(Beginning of Dataset entries)

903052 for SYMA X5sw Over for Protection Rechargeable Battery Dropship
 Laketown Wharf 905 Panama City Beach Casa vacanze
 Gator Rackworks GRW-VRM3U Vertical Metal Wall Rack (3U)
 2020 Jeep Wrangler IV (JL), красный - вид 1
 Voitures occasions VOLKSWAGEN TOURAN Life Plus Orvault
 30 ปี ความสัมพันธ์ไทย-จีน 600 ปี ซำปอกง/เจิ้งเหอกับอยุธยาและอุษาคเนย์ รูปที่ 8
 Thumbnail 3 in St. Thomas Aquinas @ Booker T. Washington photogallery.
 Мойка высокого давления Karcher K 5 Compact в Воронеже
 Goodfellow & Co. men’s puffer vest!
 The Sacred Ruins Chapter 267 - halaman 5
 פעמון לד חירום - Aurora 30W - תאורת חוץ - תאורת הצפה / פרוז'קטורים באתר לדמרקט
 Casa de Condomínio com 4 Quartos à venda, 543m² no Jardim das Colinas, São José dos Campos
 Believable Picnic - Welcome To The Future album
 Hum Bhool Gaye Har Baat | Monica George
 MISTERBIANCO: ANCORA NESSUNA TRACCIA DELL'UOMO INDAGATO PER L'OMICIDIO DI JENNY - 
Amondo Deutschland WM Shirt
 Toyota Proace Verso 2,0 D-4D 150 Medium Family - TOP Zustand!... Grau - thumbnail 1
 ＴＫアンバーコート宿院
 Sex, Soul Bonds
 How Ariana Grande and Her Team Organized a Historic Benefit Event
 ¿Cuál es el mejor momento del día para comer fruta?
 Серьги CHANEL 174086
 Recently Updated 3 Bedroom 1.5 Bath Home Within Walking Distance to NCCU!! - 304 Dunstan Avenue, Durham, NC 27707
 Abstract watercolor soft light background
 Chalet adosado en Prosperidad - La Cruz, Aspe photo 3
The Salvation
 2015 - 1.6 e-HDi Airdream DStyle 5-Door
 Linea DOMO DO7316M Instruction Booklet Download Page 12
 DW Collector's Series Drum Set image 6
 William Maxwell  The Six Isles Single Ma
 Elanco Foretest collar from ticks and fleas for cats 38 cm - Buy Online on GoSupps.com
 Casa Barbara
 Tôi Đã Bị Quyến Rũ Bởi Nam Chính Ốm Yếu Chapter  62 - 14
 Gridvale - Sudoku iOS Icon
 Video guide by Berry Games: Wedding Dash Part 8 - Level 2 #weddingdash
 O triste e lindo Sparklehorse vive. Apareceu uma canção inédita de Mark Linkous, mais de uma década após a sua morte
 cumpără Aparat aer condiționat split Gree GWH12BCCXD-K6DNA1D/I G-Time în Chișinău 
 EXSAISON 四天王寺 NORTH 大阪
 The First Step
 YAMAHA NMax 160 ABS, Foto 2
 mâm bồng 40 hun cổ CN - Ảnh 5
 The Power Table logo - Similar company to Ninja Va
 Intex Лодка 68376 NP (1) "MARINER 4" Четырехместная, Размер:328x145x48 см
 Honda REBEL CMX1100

(End of Dataset entries)

Task requirements:
Copy the lines from the start of the data verbatim, stopping after the line containing "30 ปี ความสัมพันธ์ไทย-จีน".

Task response:
903052 for SYMA X5sw Over for Protection Rechargeable Battery Dropship
 Laketown Wharf 905 Panama City Beach Casa vacanze
 Gator Rackworks GRW-VRM3U Vertical Metal Wall Rack (3U)
 2020 Jeep Wrangler IV (JL), красный - вид 1
 Voitures occasions VOLKSWAGEN TOURAN Life Plus Orvault
 30 ปี ความสัมพันธ์ไทย-จีน 600 ปี ซำปอกง/เจิ้งเหอกับอยุธยาและอุษาคเนย์ รูปที่ 8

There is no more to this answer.